Quando descobre que sua namorada está grávida, Zói não se sente pronto para ter uma criança. Ao mesmo tempo, relembra a infância dolorosa de ter crescido sem um pai.

Crítica

Na primeira cena deste curta-metragem, um grupo de jovens se diverte numa festa. O amigo de Zói (Pedro Riccardo) avisa: “Você vai ser pai, olha a barriga dela”, apontando à namorada do outro. Ora, como ele teria adivinhado diante do corpo esbelto de Jéssica (Jéssica Moura)? Confirmada a gravidez, o herói passa a enxergar o tema da paternidade por todos os lados. No metrô, um casal apaixonado tira selfies ressaltando a barriga da gestante.

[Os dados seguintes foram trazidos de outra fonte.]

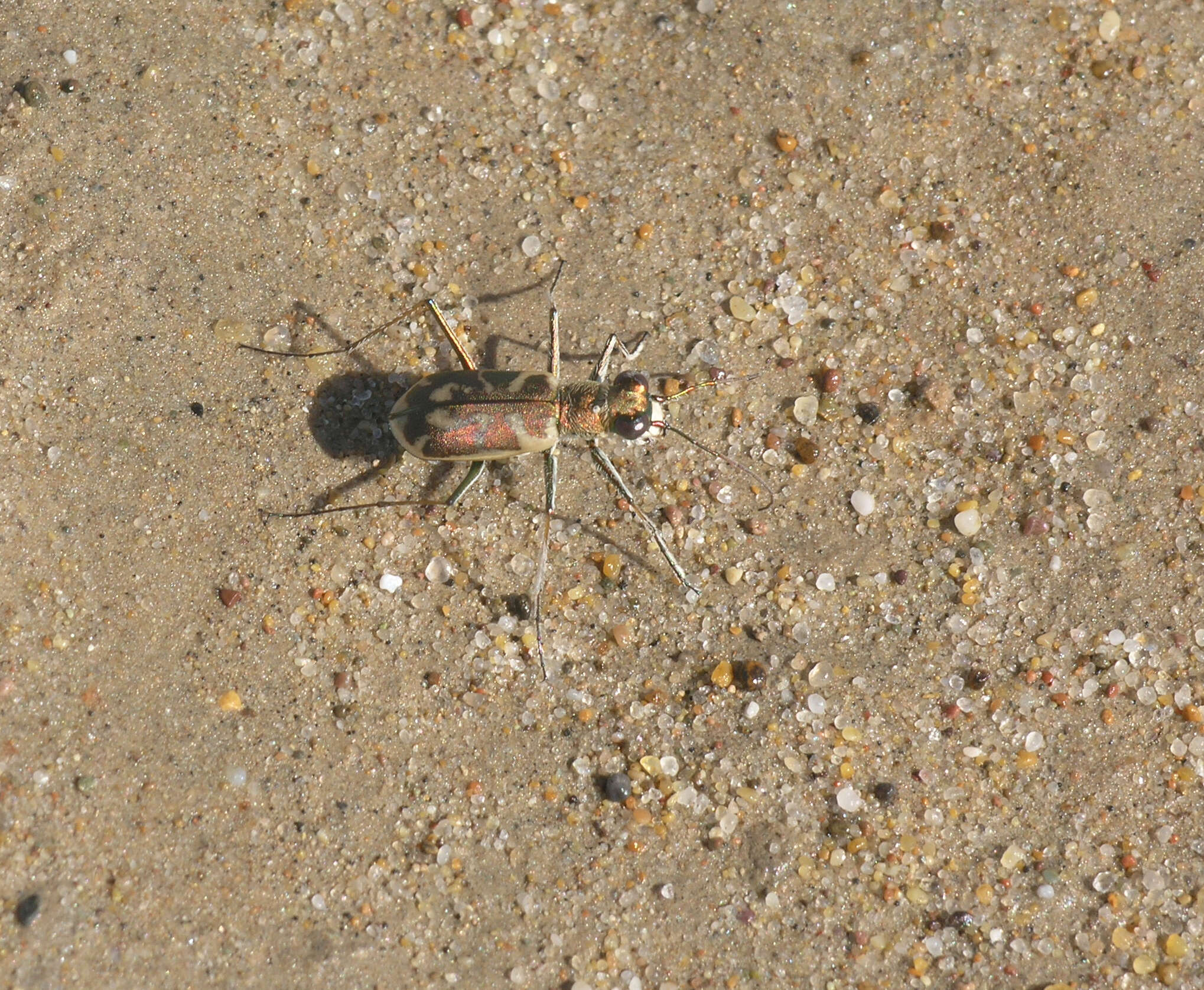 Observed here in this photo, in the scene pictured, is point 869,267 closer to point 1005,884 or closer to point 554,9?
point 554,9

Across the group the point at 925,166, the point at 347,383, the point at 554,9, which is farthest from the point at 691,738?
the point at 554,9

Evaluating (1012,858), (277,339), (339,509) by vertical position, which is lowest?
(1012,858)

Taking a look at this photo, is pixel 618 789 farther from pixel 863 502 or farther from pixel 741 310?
pixel 741 310

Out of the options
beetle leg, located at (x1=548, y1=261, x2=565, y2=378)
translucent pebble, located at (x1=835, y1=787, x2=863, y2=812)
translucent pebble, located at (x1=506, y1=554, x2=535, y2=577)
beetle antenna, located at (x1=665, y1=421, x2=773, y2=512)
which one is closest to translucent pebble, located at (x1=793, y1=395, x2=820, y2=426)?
beetle antenna, located at (x1=665, y1=421, x2=773, y2=512)

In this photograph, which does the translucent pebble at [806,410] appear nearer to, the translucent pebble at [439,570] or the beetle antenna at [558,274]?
the beetle antenna at [558,274]

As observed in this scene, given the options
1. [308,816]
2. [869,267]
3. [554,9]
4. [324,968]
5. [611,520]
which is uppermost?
[554,9]

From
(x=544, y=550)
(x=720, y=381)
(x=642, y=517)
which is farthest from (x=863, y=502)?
(x=544, y=550) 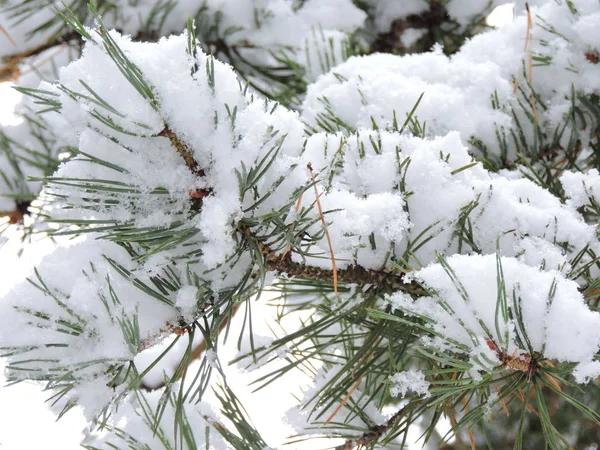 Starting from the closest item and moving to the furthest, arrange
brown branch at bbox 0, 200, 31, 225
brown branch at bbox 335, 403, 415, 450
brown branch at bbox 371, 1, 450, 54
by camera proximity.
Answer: brown branch at bbox 335, 403, 415, 450 → brown branch at bbox 0, 200, 31, 225 → brown branch at bbox 371, 1, 450, 54

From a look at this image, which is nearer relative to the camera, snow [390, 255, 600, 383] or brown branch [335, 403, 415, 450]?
snow [390, 255, 600, 383]

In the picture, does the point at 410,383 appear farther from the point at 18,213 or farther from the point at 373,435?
the point at 18,213

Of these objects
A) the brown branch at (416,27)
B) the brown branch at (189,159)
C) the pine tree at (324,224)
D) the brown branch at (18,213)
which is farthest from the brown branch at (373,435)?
the brown branch at (416,27)

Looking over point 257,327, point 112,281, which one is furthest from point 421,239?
point 257,327

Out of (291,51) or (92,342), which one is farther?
(291,51)

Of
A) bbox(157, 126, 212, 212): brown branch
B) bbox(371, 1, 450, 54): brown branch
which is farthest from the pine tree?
bbox(371, 1, 450, 54): brown branch

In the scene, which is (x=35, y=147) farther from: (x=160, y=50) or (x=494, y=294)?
(x=494, y=294)

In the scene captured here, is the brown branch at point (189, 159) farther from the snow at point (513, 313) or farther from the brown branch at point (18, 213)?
the brown branch at point (18, 213)

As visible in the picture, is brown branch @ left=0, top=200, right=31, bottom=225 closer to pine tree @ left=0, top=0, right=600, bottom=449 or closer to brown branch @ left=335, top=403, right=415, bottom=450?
pine tree @ left=0, top=0, right=600, bottom=449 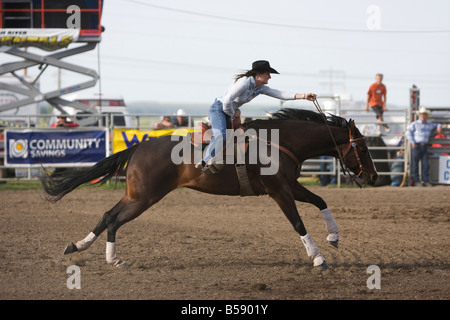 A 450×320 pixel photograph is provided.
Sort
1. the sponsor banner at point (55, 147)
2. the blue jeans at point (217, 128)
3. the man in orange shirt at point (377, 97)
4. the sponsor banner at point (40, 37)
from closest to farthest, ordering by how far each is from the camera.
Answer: the blue jeans at point (217, 128), the sponsor banner at point (55, 147), the man in orange shirt at point (377, 97), the sponsor banner at point (40, 37)

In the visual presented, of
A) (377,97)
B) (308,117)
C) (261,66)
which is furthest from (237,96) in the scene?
(377,97)

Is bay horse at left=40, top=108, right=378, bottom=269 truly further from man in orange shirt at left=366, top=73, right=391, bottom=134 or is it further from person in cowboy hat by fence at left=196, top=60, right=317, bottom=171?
man in orange shirt at left=366, top=73, right=391, bottom=134

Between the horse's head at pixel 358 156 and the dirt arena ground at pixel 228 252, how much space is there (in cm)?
93

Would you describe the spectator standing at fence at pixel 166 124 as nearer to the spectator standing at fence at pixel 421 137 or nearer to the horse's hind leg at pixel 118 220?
the spectator standing at fence at pixel 421 137

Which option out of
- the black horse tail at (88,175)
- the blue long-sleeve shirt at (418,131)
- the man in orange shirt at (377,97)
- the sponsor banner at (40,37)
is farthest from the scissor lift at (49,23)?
the black horse tail at (88,175)

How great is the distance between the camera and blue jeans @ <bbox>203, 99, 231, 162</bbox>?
6.67 m

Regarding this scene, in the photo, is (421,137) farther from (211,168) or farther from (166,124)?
(211,168)

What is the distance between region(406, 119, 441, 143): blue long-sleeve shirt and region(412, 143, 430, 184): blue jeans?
6.1 inches

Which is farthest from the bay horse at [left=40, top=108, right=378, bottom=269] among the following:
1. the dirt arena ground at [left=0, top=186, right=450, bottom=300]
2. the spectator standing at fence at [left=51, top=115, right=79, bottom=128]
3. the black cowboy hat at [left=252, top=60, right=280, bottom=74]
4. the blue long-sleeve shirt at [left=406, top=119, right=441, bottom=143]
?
the spectator standing at fence at [left=51, top=115, right=79, bottom=128]

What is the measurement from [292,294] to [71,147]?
35.2 feet

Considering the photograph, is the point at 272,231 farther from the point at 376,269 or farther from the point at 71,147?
the point at 71,147

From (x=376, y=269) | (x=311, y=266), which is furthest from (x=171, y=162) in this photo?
(x=376, y=269)

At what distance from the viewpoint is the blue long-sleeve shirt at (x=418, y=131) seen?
14.8 m

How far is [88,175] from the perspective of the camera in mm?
7281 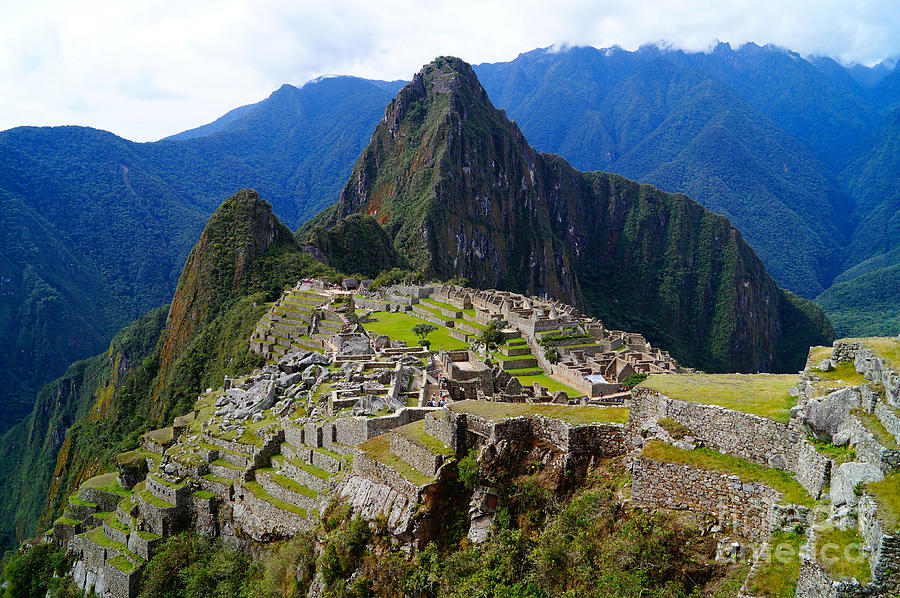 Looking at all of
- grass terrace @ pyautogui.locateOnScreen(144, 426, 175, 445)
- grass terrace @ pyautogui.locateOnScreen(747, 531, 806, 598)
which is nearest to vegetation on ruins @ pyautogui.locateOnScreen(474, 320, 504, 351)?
grass terrace @ pyautogui.locateOnScreen(144, 426, 175, 445)

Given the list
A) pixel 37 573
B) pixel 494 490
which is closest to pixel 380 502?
pixel 494 490

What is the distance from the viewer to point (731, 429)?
394 inches

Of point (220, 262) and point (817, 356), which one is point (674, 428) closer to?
point (817, 356)

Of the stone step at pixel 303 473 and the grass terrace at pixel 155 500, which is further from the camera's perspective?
the grass terrace at pixel 155 500

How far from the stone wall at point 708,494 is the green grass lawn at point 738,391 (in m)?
1.24

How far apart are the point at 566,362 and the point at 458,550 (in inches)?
1545

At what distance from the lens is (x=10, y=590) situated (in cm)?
A: 2775

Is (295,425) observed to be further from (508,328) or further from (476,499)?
(508,328)

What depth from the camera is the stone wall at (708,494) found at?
9016 millimetres

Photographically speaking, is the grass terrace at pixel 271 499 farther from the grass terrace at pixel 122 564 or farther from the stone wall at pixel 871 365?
the stone wall at pixel 871 365

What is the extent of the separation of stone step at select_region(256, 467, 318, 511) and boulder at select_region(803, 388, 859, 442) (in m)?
12.8

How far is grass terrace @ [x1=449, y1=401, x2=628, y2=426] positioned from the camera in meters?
12.1

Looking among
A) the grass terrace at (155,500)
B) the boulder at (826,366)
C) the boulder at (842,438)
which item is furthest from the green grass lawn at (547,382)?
the boulder at (842,438)

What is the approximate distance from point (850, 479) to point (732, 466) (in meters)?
2.17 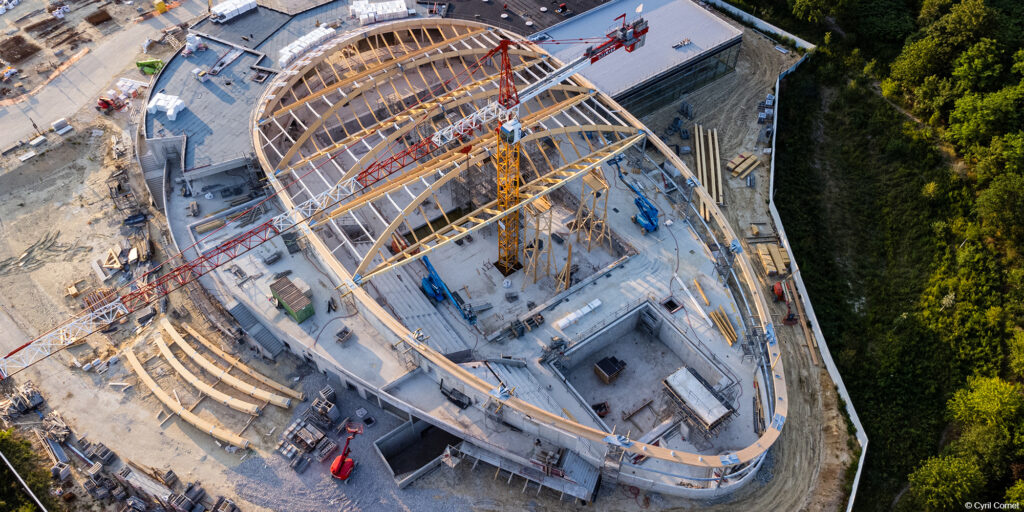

Na fila de espera de um concurso, as pessoas comentam a dificuldade de criar uma criança sem pai. Ele relembra sua infância, quando era constrangido por uma professora sem a mínima didática, devido à ausência da figura masculina nos desenhos familiares. Rebento (2019) é um curta-metragem obcecado pelas questões do abandono e das famílias monoparentais. Apesar das variações em personagens coadjuvantes e cenários, as cenas possuem objetivo equivalente: valorizar o papel das mulheres guerreiras que criam os filhos sozinhos e denunciar os traumas de crianças criadas apenas pela mãe. O discurso se torna evidente desde a cena inicial, no entanto, o diretor Vinícius Eliziário decide elaborá-lo em sequências distintas, reforçando a dor do jovem prestes a ser pai, embora nunca tenha resolvido o trauma paterno. Em termos de ponto de vista, a identificação ocorre com Zói, ao invés de Jéssica.

Em consequência, o drama envereda por caminhos eticamente contestáveis. Primeiro, trata a responsabilidade do protagonista como um caso de decisão pessoal: ele passa a integralidade do filme hesitando se deveria assumir a criança, como se ficar ou partir fossem alternativas igualmente aceitáveis. Para a garota, em oposição, um aborto jamais é cogitado - a partir do momento que engravida, sabe-se que terá o bebê. Segundo, o olhar demonstra compaixão somente com o garoto, ao invés de sua namorada. Teria sido interessante pelo menos equilibrar as subjetividades e dúvidas, porém o roteiro ignora os sentimentos de Jéssica. O teor fatalista da gravidez insiste que a sina dela está traçada, enquanto a dele ainda pode ser negociada - ele tem a possibilidade de escapar, embora espera-se que fique. Em outras palavras, há mais empatia pelo homem do que pela mulher nesta situação, sendo ela quem carrega o bebê consigo. Terceiro, e decorrente dos anteriores, Zói se converte na verdadeira “vítima" do filme: é ele quem chora, quem fica desnorteado, por quem os amigos e a mãe temem. Mesmo diante do comportamento machista, comum a rapazes em situação semelhante (“Mas você não disse que estava tomando a pílula?”), a narrativa evita problematizar as decisões deste personagem visto com carinho e condescendência. Embora faltem pais no filme, a direção compensa este sentimento com uma dose generosa de paternalismo.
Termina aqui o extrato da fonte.